- Education: Medical College and Hospital, Kolkata
- Occupation: General practitioner
- Known for: Anti-racism campaigner

= Dipak Ray =

Indian-Welsh physician (c. 1930–2012)

Dipak Kumar Ray (c. 1930 - 11 February 2012) was an Indian-born physician who worked in general practice in Wales. He is best known for promoting equal opportunities and campaigning against racism in the medical profession in the 1970s.

==Early life and family==
Dipak Ray was born in Cuttack, Orissa, India, around 1930. His family contributed to the Indian independence movement, resulting in Ray's arrest at age 11. He completed his medical training in Calcutta and did some work in the United States before arriving in the United Kingdom during the 1950s.

He settled in Blackwood, Caerphilly, South Wales, where he then remained in general practice.

He had one son, Indranil, and two grandchildren, Shonali and Mitali. His wife was a teacher and socialist, Rekha.

==Career==
By the early 1960s, Ray was a general practitioner (GP) in South Wales. He is best known for promoting equal opportunities and campaigning against racism in the medical profession in the 1970s. He was also a columnist for the magazine Doctor and wrote for Tribune.

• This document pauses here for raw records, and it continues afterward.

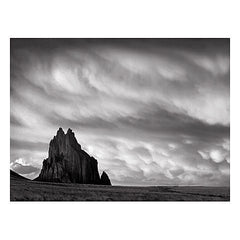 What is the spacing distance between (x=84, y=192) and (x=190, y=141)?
365 centimetres

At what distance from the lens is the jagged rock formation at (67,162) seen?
12.3m

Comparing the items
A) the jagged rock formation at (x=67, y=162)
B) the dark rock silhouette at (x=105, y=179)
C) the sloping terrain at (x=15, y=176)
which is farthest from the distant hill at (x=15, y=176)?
the dark rock silhouette at (x=105, y=179)

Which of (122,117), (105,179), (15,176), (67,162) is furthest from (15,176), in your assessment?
(122,117)

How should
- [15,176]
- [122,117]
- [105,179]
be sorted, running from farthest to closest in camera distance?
1. [122,117]
2. [105,179]
3. [15,176]

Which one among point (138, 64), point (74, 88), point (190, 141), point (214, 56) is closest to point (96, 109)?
point (74, 88)

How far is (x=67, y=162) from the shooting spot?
40.9 ft

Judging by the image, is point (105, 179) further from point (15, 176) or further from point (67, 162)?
point (15, 176)

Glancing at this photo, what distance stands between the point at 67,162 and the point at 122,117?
2222mm

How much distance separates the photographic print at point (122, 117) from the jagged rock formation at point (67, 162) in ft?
0.10

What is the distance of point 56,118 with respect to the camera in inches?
494

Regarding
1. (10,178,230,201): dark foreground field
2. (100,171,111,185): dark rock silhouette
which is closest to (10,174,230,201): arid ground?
(10,178,230,201): dark foreground field

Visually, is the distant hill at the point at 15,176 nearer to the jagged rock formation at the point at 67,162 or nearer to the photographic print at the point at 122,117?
the photographic print at the point at 122,117

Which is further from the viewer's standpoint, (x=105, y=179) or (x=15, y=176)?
(x=105, y=179) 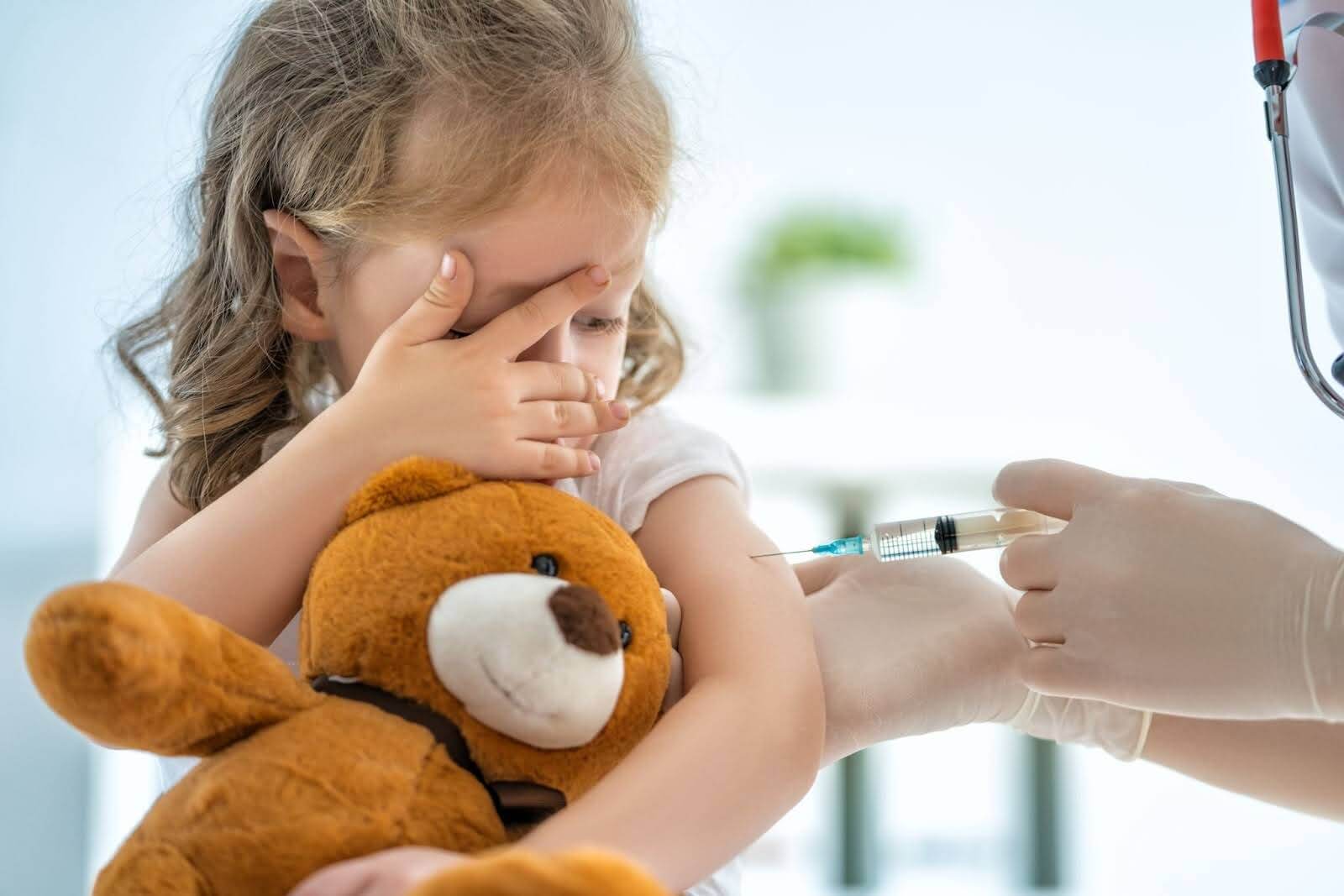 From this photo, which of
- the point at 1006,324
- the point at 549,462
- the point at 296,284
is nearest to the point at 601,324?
the point at 549,462

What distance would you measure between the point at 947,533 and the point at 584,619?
41 cm

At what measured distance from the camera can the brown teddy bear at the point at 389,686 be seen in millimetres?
533

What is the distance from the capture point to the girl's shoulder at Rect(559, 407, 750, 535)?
0.96m

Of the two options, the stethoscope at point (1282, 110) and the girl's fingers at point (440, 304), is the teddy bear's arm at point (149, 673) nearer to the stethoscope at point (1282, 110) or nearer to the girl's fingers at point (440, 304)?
the girl's fingers at point (440, 304)

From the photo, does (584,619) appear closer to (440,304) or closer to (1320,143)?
(440,304)

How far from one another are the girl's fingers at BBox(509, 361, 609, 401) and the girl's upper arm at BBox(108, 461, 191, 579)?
A: 0.42 m

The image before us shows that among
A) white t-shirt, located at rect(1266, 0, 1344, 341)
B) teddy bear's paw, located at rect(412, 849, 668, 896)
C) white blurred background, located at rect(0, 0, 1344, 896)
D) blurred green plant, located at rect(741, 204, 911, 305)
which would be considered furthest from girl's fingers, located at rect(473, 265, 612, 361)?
blurred green plant, located at rect(741, 204, 911, 305)

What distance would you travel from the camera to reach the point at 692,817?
678mm

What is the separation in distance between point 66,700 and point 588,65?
0.62 metres

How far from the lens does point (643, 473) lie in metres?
0.99

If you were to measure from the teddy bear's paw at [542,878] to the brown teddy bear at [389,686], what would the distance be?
15 cm

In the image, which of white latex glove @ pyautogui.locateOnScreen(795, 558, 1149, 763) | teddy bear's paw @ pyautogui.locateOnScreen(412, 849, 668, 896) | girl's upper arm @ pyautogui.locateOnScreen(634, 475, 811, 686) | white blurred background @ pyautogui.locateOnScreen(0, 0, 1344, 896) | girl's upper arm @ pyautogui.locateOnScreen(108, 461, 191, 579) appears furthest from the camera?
white blurred background @ pyautogui.locateOnScreen(0, 0, 1344, 896)

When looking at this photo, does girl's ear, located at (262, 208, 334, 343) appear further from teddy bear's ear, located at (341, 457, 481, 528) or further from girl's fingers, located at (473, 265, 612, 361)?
teddy bear's ear, located at (341, 457, 481, 528)

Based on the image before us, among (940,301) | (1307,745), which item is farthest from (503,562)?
(940,301) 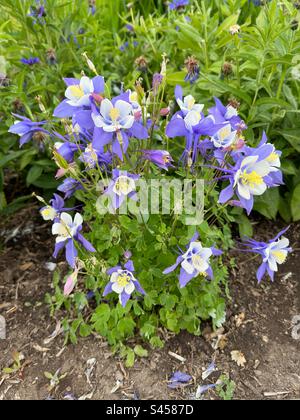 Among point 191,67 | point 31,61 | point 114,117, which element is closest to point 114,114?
point 114,117

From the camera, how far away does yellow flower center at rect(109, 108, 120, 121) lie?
1441 mm

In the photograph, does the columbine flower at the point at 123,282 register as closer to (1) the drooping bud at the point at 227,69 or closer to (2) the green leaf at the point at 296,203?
(1) the drooping bud at the point at 227,69

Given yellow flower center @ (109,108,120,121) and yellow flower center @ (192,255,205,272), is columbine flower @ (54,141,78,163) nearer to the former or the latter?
yellow flower center @ (109,108,120,121)

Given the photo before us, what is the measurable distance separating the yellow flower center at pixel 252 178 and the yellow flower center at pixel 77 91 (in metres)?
0.58

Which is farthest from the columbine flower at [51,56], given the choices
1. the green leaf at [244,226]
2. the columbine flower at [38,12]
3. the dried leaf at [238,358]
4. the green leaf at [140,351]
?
the dried leaf at [238,358]

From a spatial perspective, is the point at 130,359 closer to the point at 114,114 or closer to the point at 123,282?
the point at 123,282

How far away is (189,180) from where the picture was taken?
1.72 metres

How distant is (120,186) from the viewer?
1540mm

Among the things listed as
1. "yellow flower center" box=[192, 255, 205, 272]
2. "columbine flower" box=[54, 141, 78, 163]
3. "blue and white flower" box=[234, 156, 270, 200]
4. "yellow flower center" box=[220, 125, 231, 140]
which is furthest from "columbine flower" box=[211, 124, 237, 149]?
"columbine flower" box=[54, 141, 78, 163]

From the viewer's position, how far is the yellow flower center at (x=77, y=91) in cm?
151

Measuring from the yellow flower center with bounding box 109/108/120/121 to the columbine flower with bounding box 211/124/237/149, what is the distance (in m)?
0.35

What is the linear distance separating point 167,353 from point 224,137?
→ 1041 millimetres

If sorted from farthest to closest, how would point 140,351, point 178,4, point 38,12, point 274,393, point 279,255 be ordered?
point 178,4
point 38,12
point 140,351
point 274,393
point 279,255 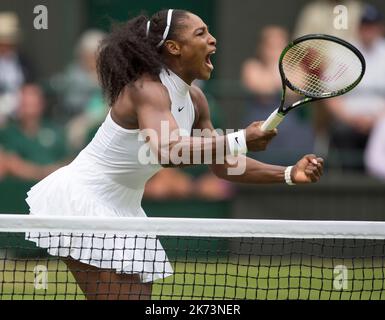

During the 1970s and 1980s, Ray supported the Medical Practitioners' Union on the British Medical Association's general medical services committee. He was active in public debate, disclosing racism in the medical profession, pushing healthcare motions. endeavouring to end private treatment in NHS hospitals and being involved with the TUC and Association of Scientific, Technical and Managerial Staffs.

He was a commissioner of the Commission for Racial Equality.

Ray was amongst the forerunners of patient participation in the organisation of GP surgeries.

In 2009, Ray was presented with a Labour party merit award for his involvement in the Labour party.

==Death and legacy==
Ray died on 11 February 2012 at the age of 82.

His story was one of forty-five oral histories in Julian M. Simpson's Migrant architects of the NHS; South Asian doctors and the reinvention of British general practice (1940s-1980s), used to demonstrate how imperial legacies and medical migration shaped the UK's healthcare in the first four decades following the founding of the NHS.